In our study, it was found that the Zilic method significantly better removed DNA content. The cause may be due to the use of nuclease, and it is conventionally known that SDS is more effective in removing cellular content (Crapo et al. 2011). In addition, the Triton X-200 is currently unavailable and has been replaced with the Triton X-100, but it is known that the Triton X-200 is effective in removing cellular content (Hudson et al. 2004a). In the present study, there was no statistically significant difference in the results of recovery after nerve transplantation between the two groups, and no complications related to transplantation were observed. Previous studies have also reported successful decellularization results with SDS or nucleases. Han et al. reported that the method using SDS was the most efficient in their study comparing four different methods, including SDS and Triton X-100, separately (Han et al. 2020). Shin et al. also reported that the combination of amphoteric detergent and nuclease was the most effective in a study comparing six different decellularization methods, including Triton X-100, sodium deoxycholate, and amphoteric detergents (Shin et al. 2019). Although no laboratory analysis was performed regarding the mechanical properties of the processed nerve allografts in our study, the nerves decellularized using the Zilic method were stiffer than those decellularized by the Hudson method; the stiffness made manipulation of the graft easier. In general, it is known that decellularized tissue becomes stiffer than the native tissue (Freed and Doehring 2005; Williams et al. 2009), and a study has shown that the tissue decellularized with Triton X-100 is softer than when using SDS (Lumpkins et al. 2008).

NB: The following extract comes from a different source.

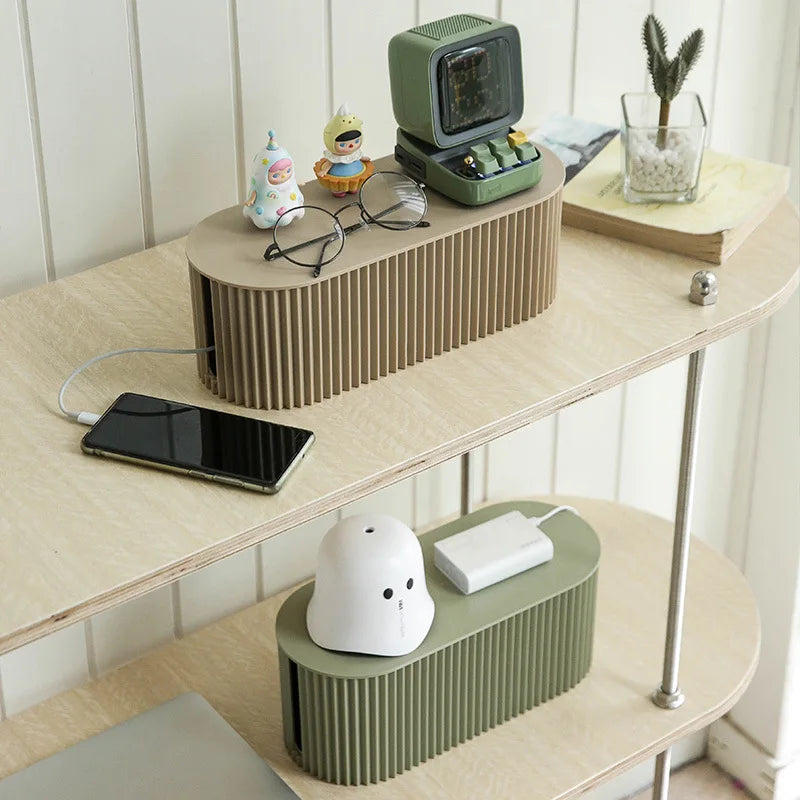 Wire Storage Box Large Capacity Data Plug Board Storage Box Desktop Cable Management Box Router Bracket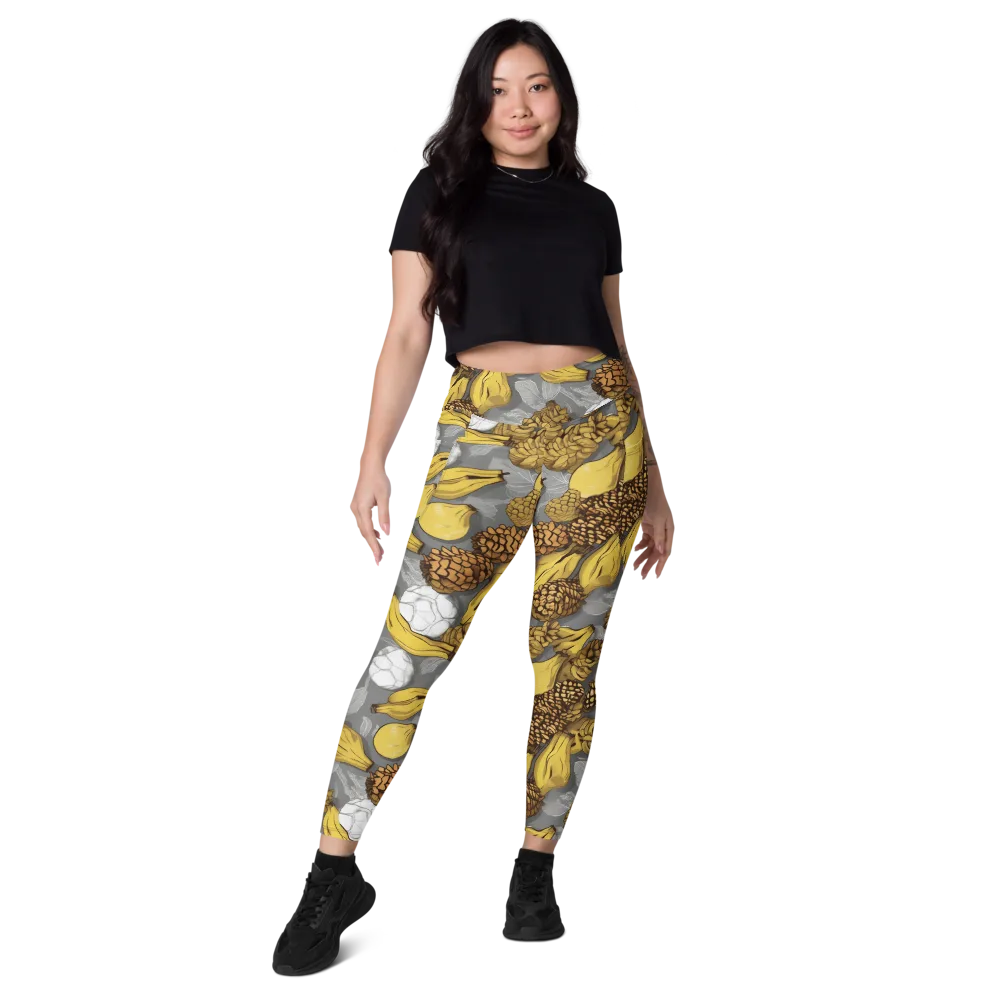 Banana Pinecone on Leggings with Pockets — Front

A limitation of this study is that it is difficult to generalize the study results due to the small number of animals in each experimental group. Second, the sciatic nerve of SD rats was used; however, the nerve defect created was a short gap of 15-mm, and the diameter was thin. In clinical situations, large gaps > 15 mm and thick nerve defects may occur. Third, this study was conducted using SD rats, and there is a possibility that different results would be observed in the human peripheral nerve. Finally, it is necessary to verify the safety of the decellularized tissue by conducting a direct cytotoxic assay, rather than using the amount of residual reagent in the tissue. Further research and experiments are required to develop a new human allograft processing method.

Conclusion

The Zilic method is more advantageous for the removal of the cellular component, and it is a more cost effective than the Hudson method, showing equal or superior results in terms of nerve recovery. Therefore, the novel method can be considered appropriate as an allograft processing method.